Joe: A lot of times, they're not just hearing about these problems. They've got a team or they had a team that was trying to build and deploy software, and things were taking way too long, right? Like a user feature that used to take a day, now takes two weeks, and they have no confidence in their releases. After they release, it's just all hands on deck because anything could go wrong. And by the way, this was a central part of my career as a software developer, was rescuing projects that needed it.
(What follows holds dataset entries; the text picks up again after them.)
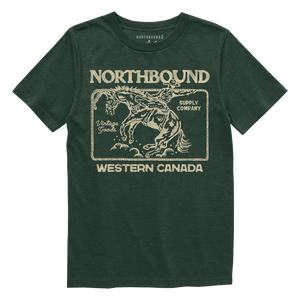NORTHBOUND Western Canada Youth T-Shirt
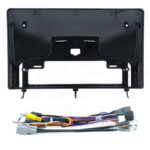 DIQ CR192 (FRAME 10" for HONDA CIVIC mod. 2021>) - Image 2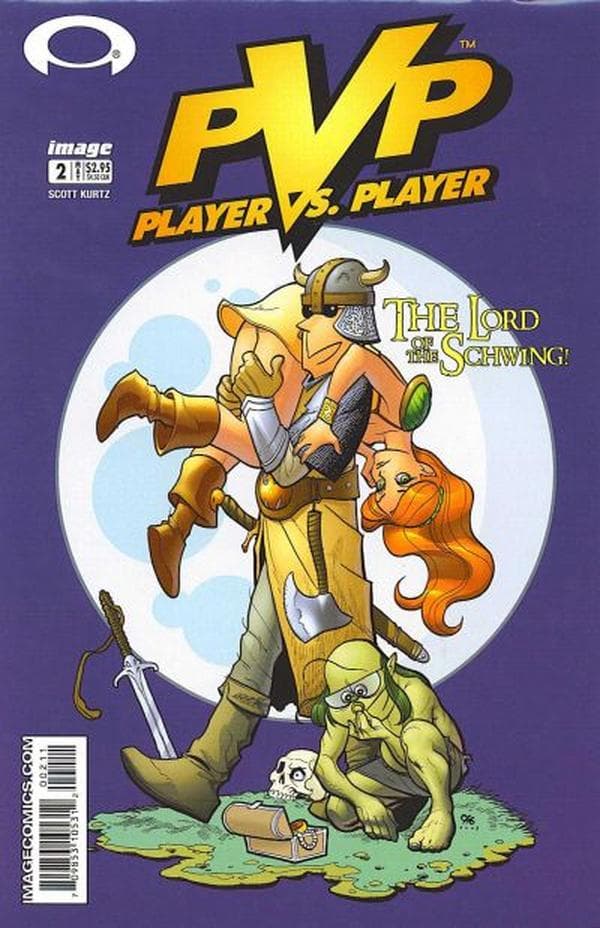 PvP #2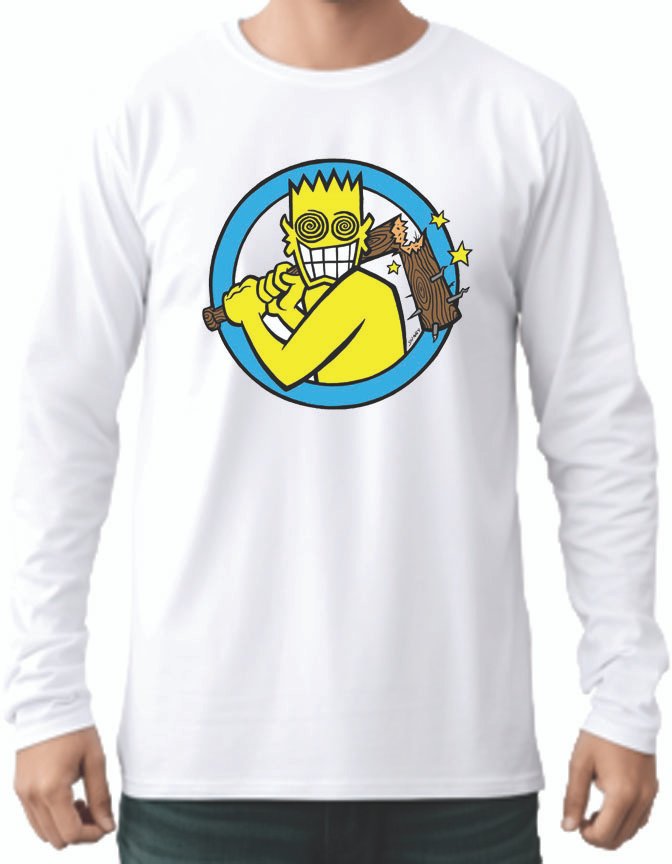 Allroy Sez Full Sleeve T-Shirt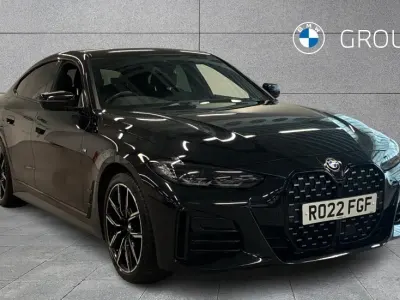 Used BMW 430 Gran Coupé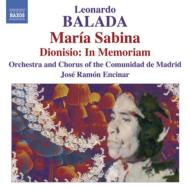 Х쥪ʥɡ1933-/Maria Sabina Dionisio-in Memoriam Encinar / Madrid Community O  Cho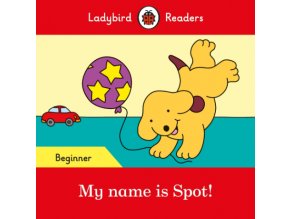 My name is Spot!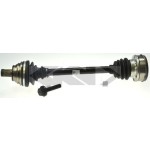 GKN Komple Aks Sol Manual Volkswagen Golf 5 1, 6 04-09 / Volkswagen Golf 6 1, 6 08-12 / Volkswagen Jetta 3 1, 6 05-10 / A3 1, 6 03-12 / Seat / Skoda - Kod GKN304749 - OEM 1K0407271DJ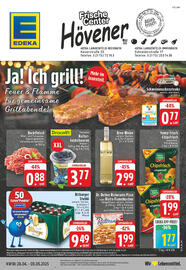 Edeka Prospekt Seite 1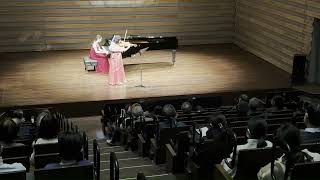 Download lagu ヴァイオリンとピアノのための作品 ~ New Year Gala Concert 2026 in Osaka Violin:吉田優 Piano:東川内梨沙 mp3 Download lagu ヴァイオリンとピアノのための作品 ~ New Year Gala Concert 2026 in Osaka Violin:吉田優 Piano:東川内梨沙 mp3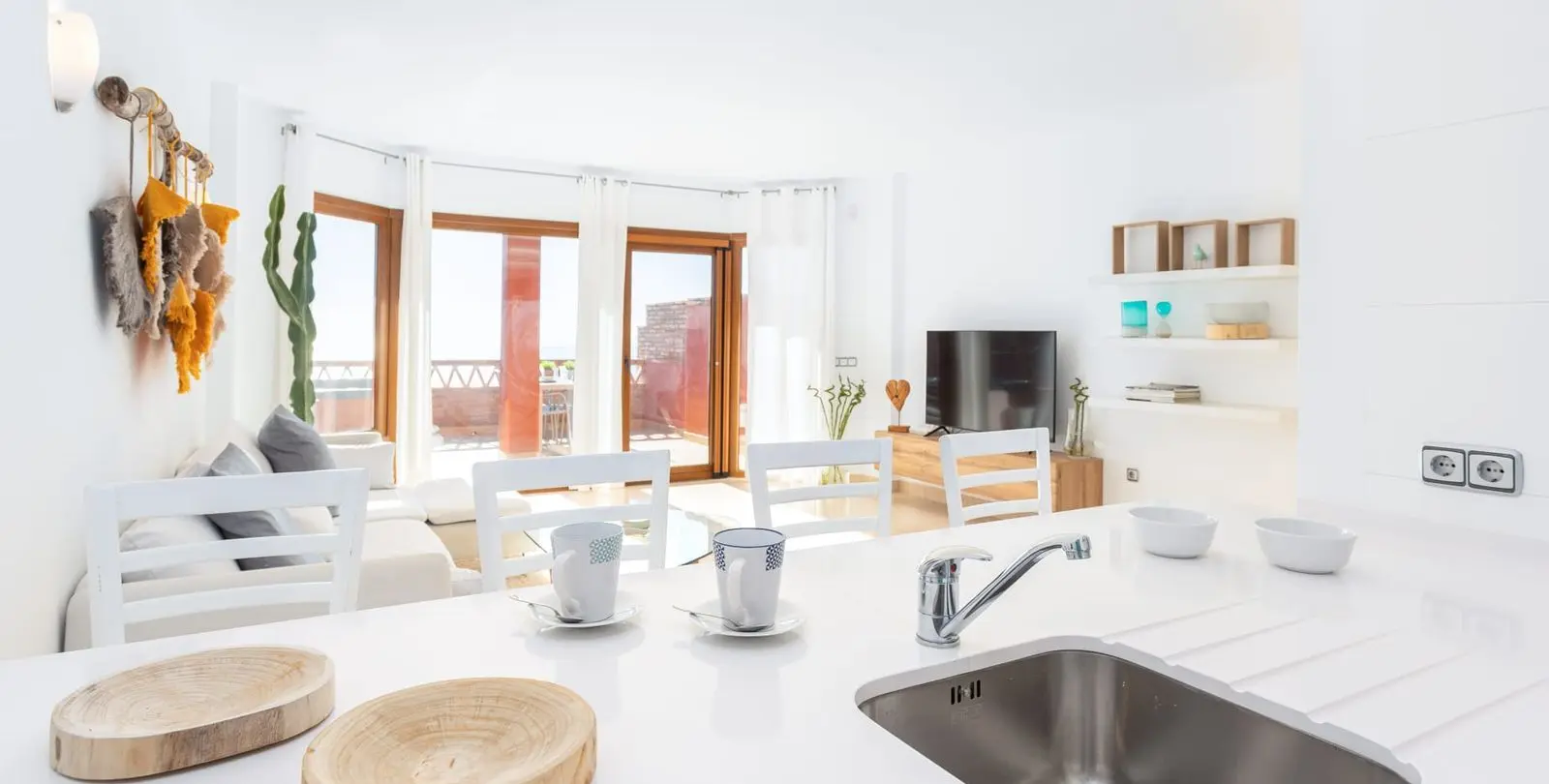 Venta de ático dúplex en Carvajal 7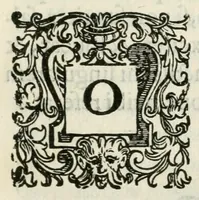 An illustration from Alfonsi Saxi i. v. d. Mvtin. aqvarii comitis oratio in fvnere ser.mi Alfonsi II. Ferrariae dvcis, &c. : habita Mvtinae, in ecclesia cathedrali pridie idvs Ianvarii (1599)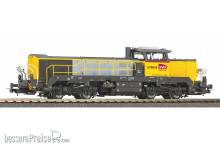 Piko 52372 - Sound-Diesellok DE18 SNCF VI Wechselstromversion, inkl. PIKO Sound-Decoder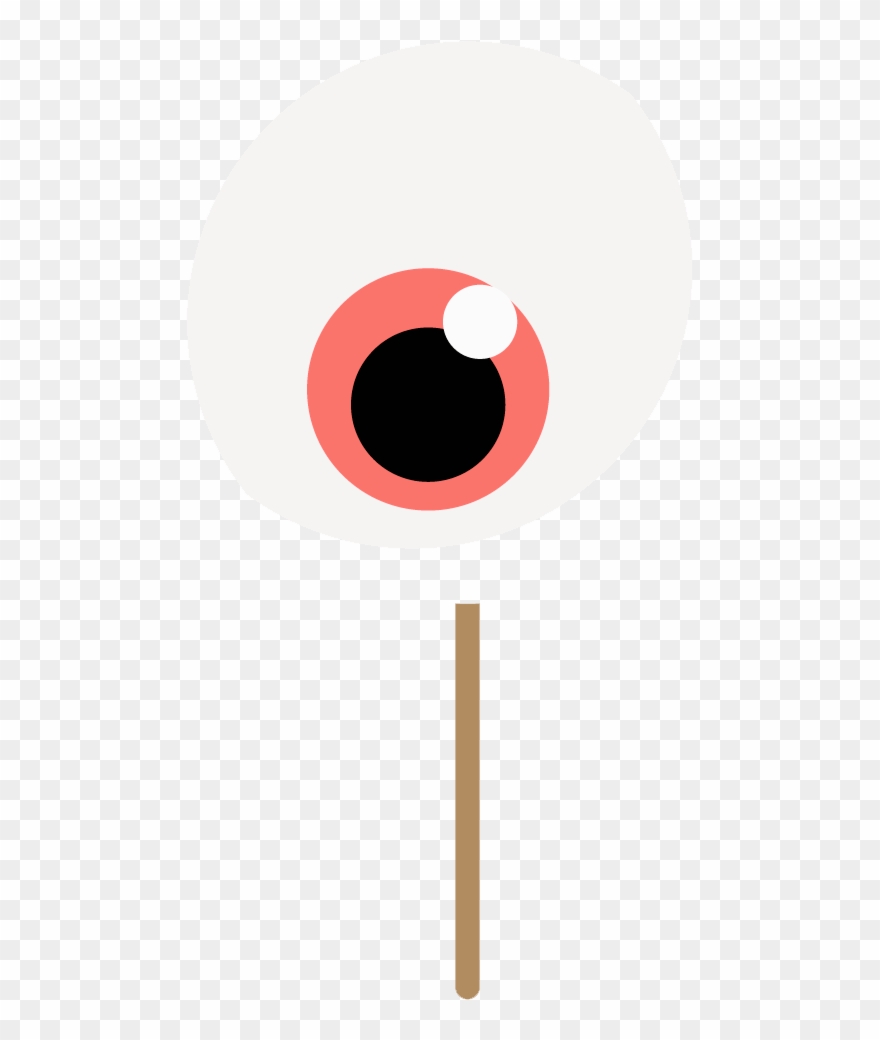 Image For Free Candy Halloween 7 Clip Art - Circle - Png Download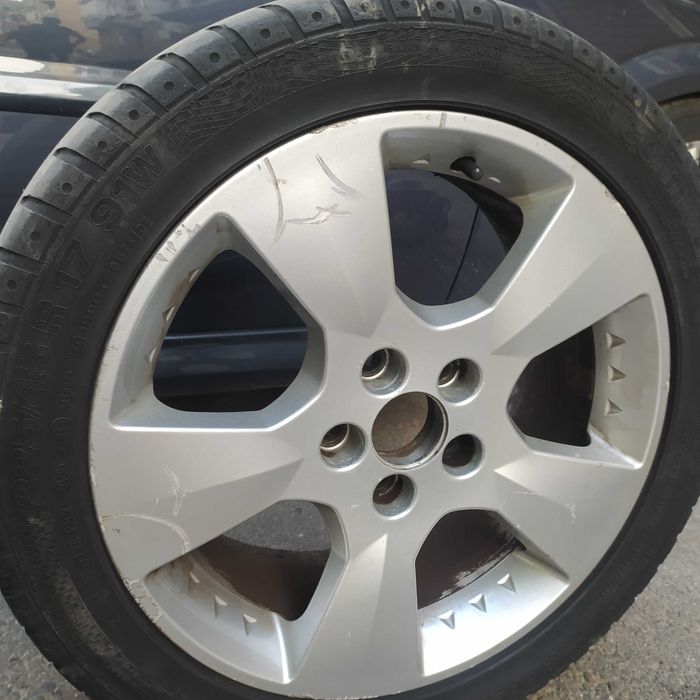 Джанти 5х110 17 Opel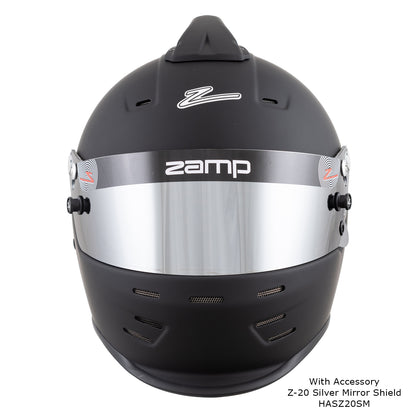Zamp RZ-36 Air Helmet (Front)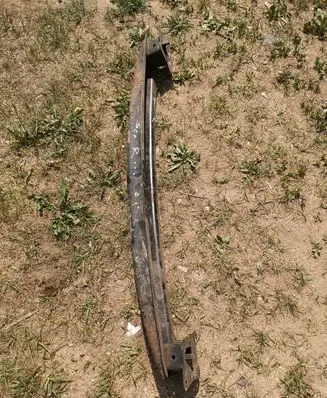 Volkswagen Scirocco Rear bumper cross member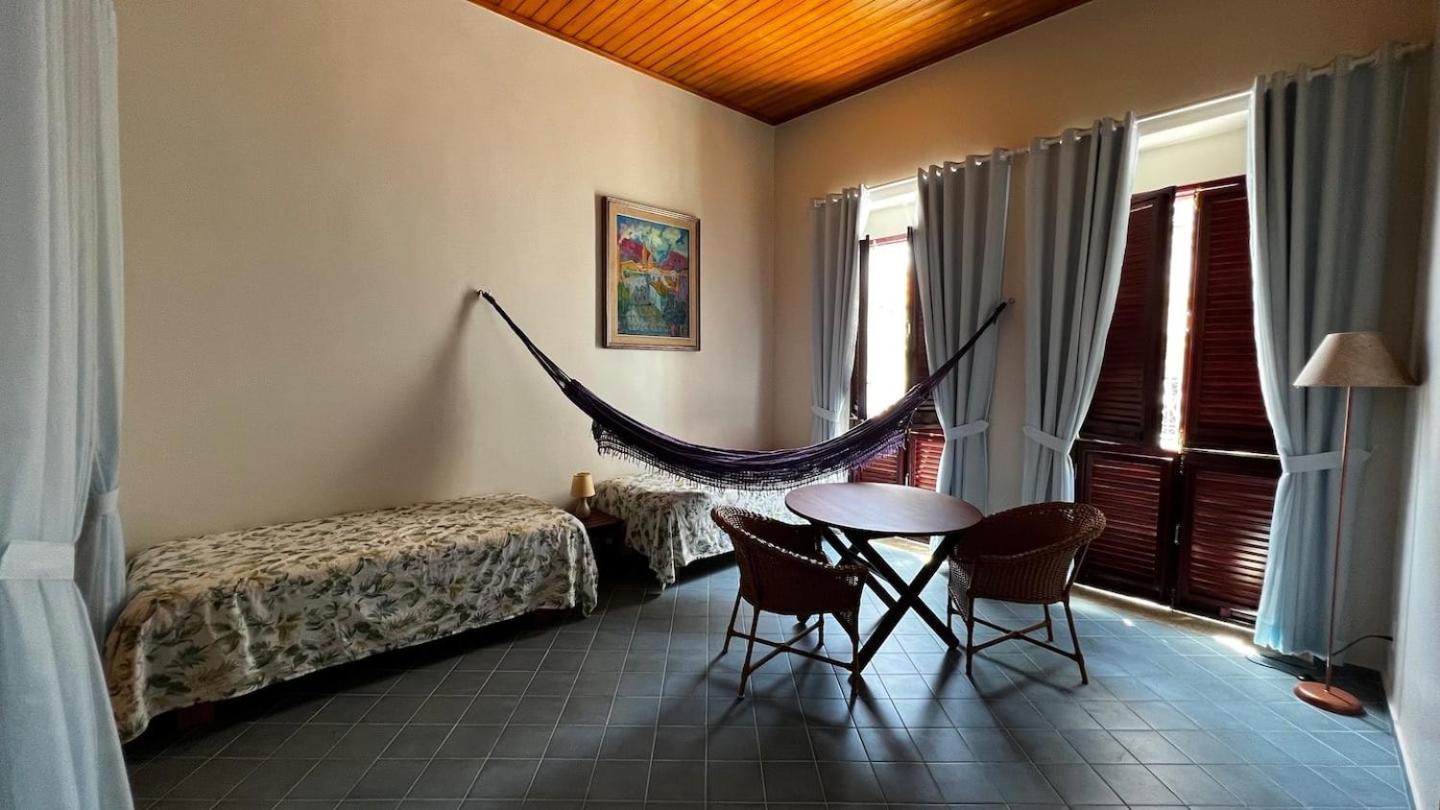 Casarao Da Fonte Apartment São Luís Exterior foto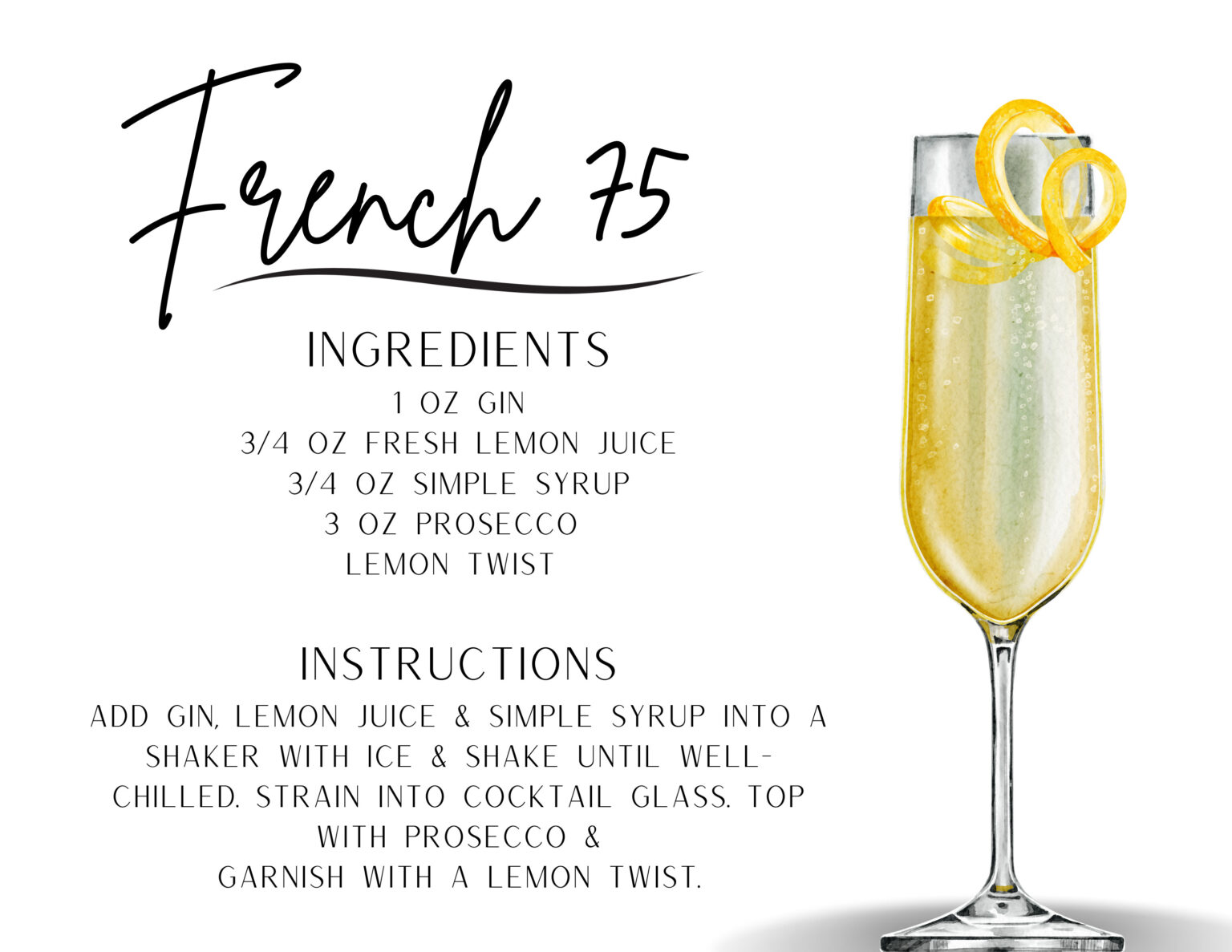 French 75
Joe: So I love it. I have a soft spot in my heart for projects like this. So the good news is they know that they need it. You did ask before, what if they don't have the budget for it? That's really hard, and it happens sometimes, especially when we're working in the startup space, which is relatively common for us in New York, where they say, "Hey, look, we had 200 grand that we spent on this team that said it was going to take six months. It's been a year and a half. We spent all the money and we don't have anything to show for it."
Joe: I really sympathize here. In those cases, the good news is that we really can make some really positive strides for them on a shoestring budget if they will ... don't want to say listen to our recommendations, but if they're willing to make some changes and commit some budget to improving things, we can make a really strong case. For example, like what I told you before, well, if you ask them, "How do you deploy?" They say, "Well, we ask ssh onto the server."
Joe: It's easy to say, "Well look, we can get you off of that. We can get you out of that. We can put CI/CD in place. We do use Platform as a Service, we do use Heroku all the time, and we can get it to a point where at least you can release with confidence, right? At least you can get to a point where your existing team can show you something on a staging environment before it goes out into the world, and you can look at it, and you could give the yes or no, and they accept or reject.
Joe: Those kinds of things, really fortunately, sometimes they just take a couple of weeks. To go back and rehabilitate the whole code base could take a long time, and you have to make a decision on those minefield projects, whether to continue with what you have or whether to scrap part of that and rewrite it. Those are harder questions an those can be more expensive. But you can make really meaningful progress quickly on even a minefield project.
Corey: I want to talk about some of the areas of a legacy application that you go in and fix, and I want to start with the code. What do you look for when you read code in an application?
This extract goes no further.